## GIVEN ENTRIES
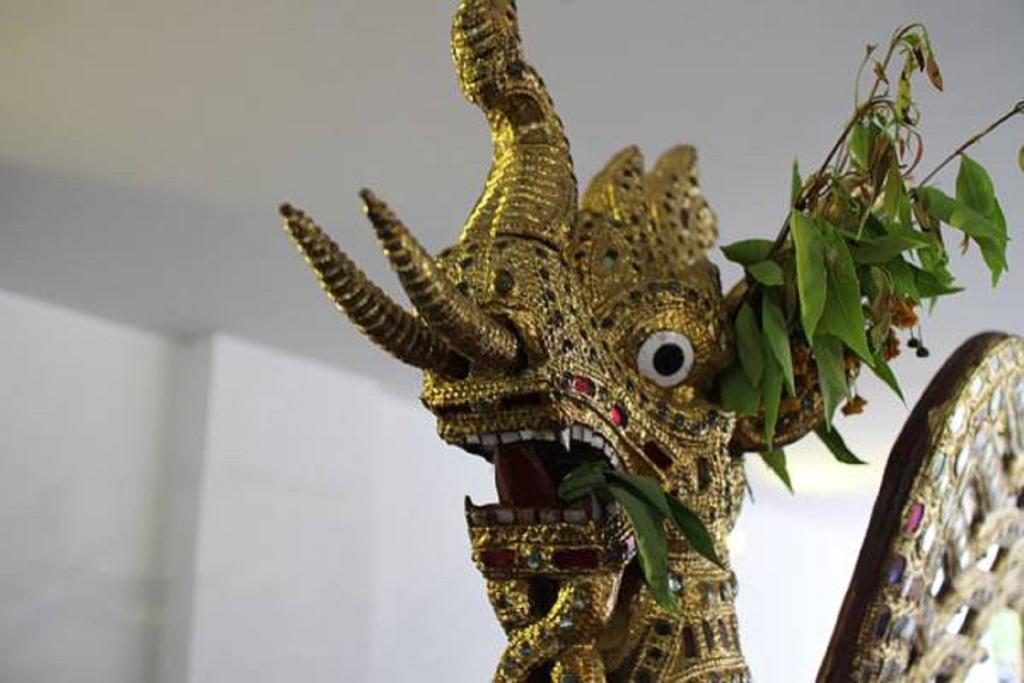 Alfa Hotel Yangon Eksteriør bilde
* * *
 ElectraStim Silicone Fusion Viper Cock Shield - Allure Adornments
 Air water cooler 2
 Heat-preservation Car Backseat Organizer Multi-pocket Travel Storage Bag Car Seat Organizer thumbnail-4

## DIRECTIONS FOR THIS TASK
Using the records above, restate word for word the lines from the one with "ElectraStim Silicone Fusion" through the one with "Heat-preservation Car Backseat", both included.

## WRITTEN SOLUTION
 ElectraStim Silicone Fusion Viper Cock Shield - Allure Adornments
 Air water cooler 2
 Heat-preservation Car Backseat Organizer Multi-pocket Travel Storage Bag Car Seat Organizer thumbnail-4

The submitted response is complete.